Python SDK

Quickly integrate Docflow document workflow management capabilities with docflow-sdk Python SDK

docflow-sdk is the official Python SDK for TextIn Docflow, providing workspace management, document classification, intelligent review, type-safe response models, and comprehensive error handling.

PyPI: docflow-sdk
GitHub: docflow-python-sdk

Installation

pip install docflow-sdk

git clone https://github.com/intsig-textin/docflow-python-sdk.git
cd docflow-python-sdk
pip install -e .

System Requirements: Python >= 3.8

Authentication and Initialization

The SDK supports multiple authentication methods (priority: constructor parameters > environment variables > .env file):

import os
os.environ["DOCFLOW_APP_ID"] = "your-app-id"
os.environ["DOCFLOW_SECRET_CODE"] = "your-secret-code"
os.environ["DOCFLOW_BASE_URL"] = "https://docflow.textin.com/api"

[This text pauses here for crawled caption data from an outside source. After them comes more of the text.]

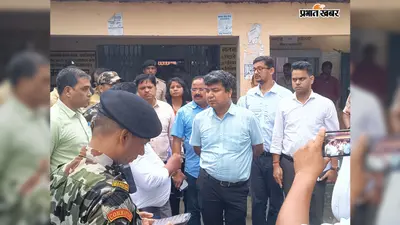 रोहतास: शिवसागर प्रखंड कार्यालय पहुंचे DM, योजनाओं की समीक्षा कर अधिकारियों को दिए सख्त निर्देश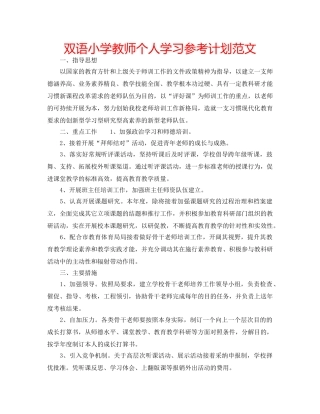 双语小学教师个人学习参考计划范文 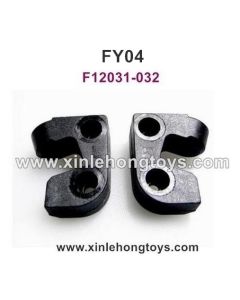 Feiyue FY04 Parts Rear Axle Fixed Parts F12031-032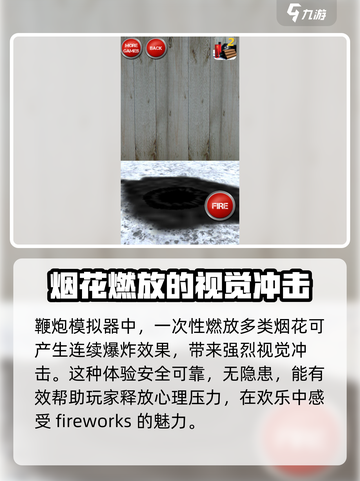 鞭炮模拟器🔥超好玩！简单玩法让你上瘾🎉截图5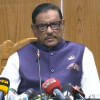 ওবায়দুল কাদের ওবায়দুল কাদের
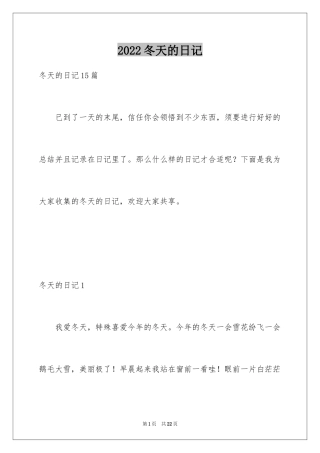 2024冬天的日记_5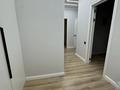 2-комнатная квартира · 64 м² · 5/9 этаж, Тауелсиздик 23 — Шарль де Голль за 65 млн ₸ в Астане, Алматы р-н — фото 6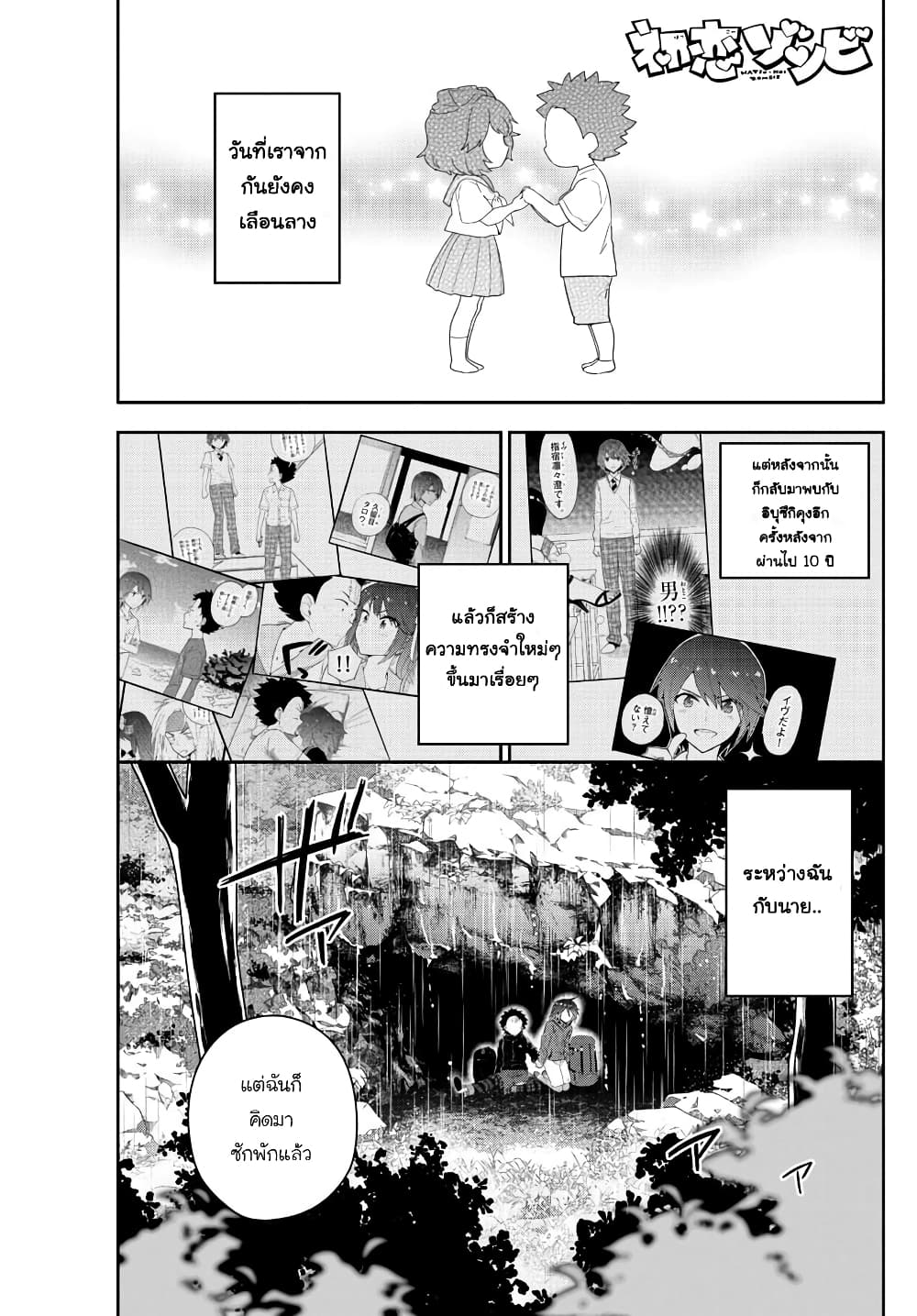 Hatsukoi Zombie page 1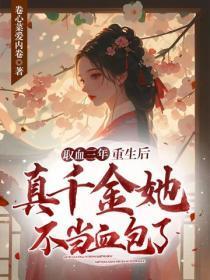 取血三年,重生后真千金她不当血包了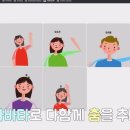 플러스위드 이미지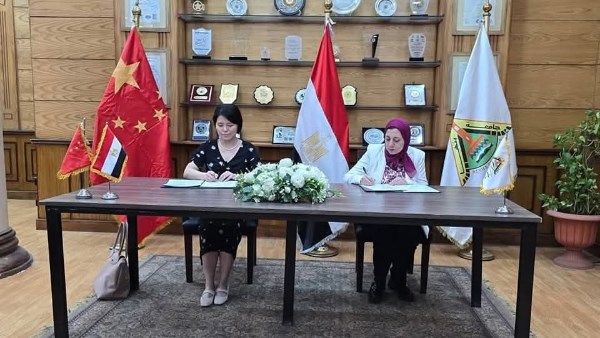 بروتوبرتكول تعاون  في  مجال دعم تدريس اللغة الصينية بالجامعة.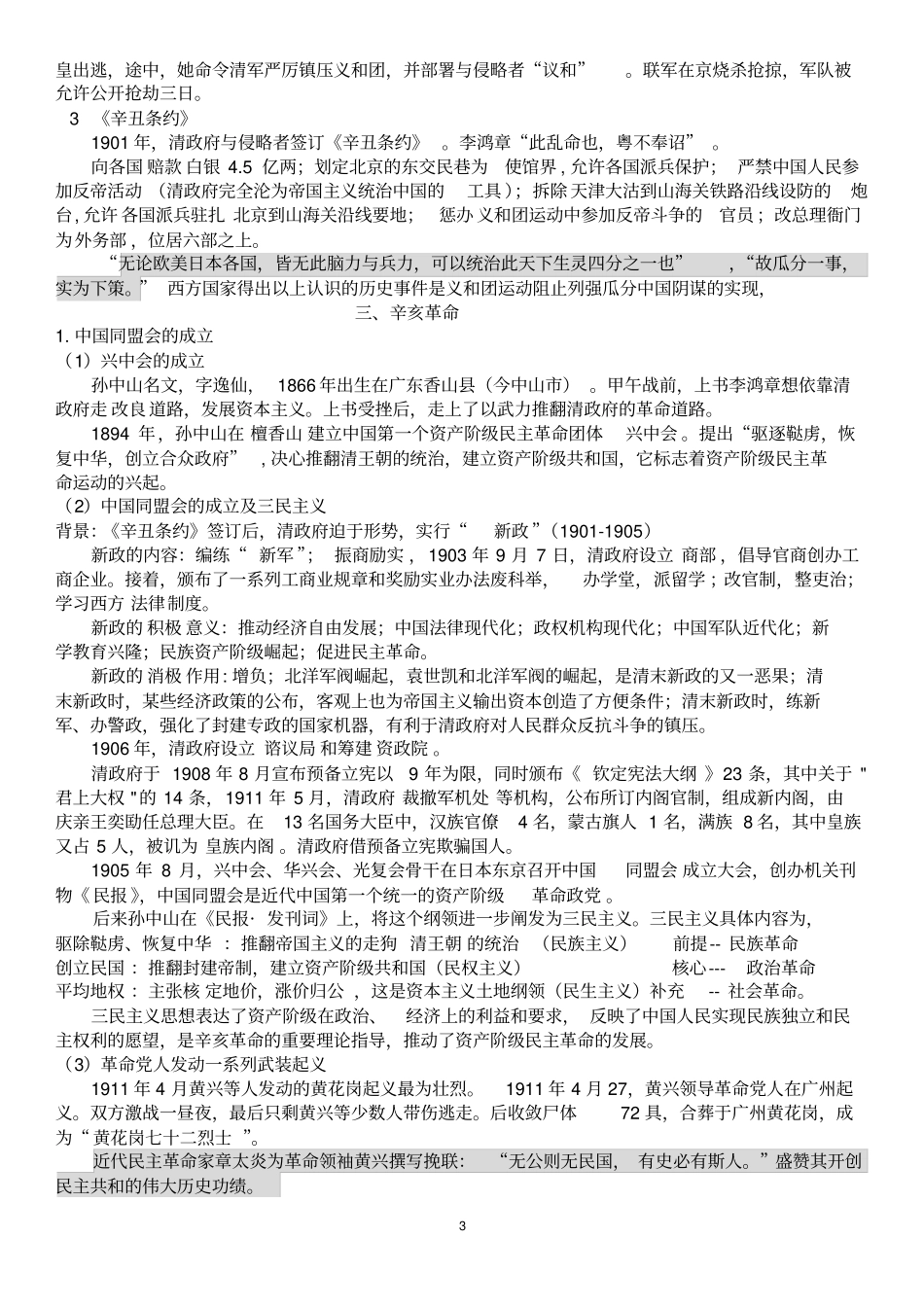 中国近代历史1894-1919部分知识点_第3页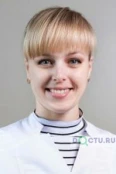 Вихлянцева Яна Викторовна - Тобольск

from docflow import DocflowClient
client = DocflowClient.from_env()

from docflow import DocflowClient
client = DocflowClient(
    app_id="your-app-id",
    secret_code="your-secret-code",
    base_url="https://docflow.textin.com/api",
)

# Install dotenv: pip install python-dotenv
# .env file contents:
# DOCFLOW_APP_ID=your-app-id
# DOCFLOW_SECRET_CODE=your-secret-code
# DOCFLOW_BASE_URL=https://docflow.textin.com/api

from dotenv import load_dotenv
from docflow import DocflowClient

load_dotenv()
client = DocflowClient.from_env()

Using environment variables is recommended to avoid hardcoding credentials in your code.

API Overview

Resource	Description	Key Methods
`client.workspace`	Workspace Management	`create()`, `list()`, `get()`, `update()`, `delete()`, `iter()`
`client.category`	Category Management	`create()`, `list()`, `get()`, `update()`, `delete()`, `iter()`
`client.category.fields`	Category Field Management	`batch_add()`, `list()`, `batch_update()`, `delete()`
`client.category.tables`	Category Table Management	`batch_add()`, `list()`, `batch_update()`, `delete()`
`client.category.samples`	Category Sample Management	`batch_upload()`, `list()`, `download()`, `delete()`
`client.file`	File Management & Recognition	`upload()`, `fetch()`, `download()`, `delete()`
`client.review`	Intelligent Review Rule Management	`create_repo()`, `create_group()`, `create_rule()`, `submit_task()`

Workspace Management

Workspaces are the top-level organizational unit in Docflow, used to isolate document processing workflows for different business scenarios.

Create Workspace

from docflow import DocflowClient, AuthScope

client = DocflowClient.from_env()

workspace = client.workspace.create(
    name="Expense Reimbursement Space",
    auth_scope=AuthScope.PUBLIC,  # Public permission
    description="Process company expense reimbursement documents"
)

print(f"Workspace ID: {workspace.workspace_id}")

List Workspaces

# Paginated retrieval
workspaces = client.workspace.list(page=1, page_size=20)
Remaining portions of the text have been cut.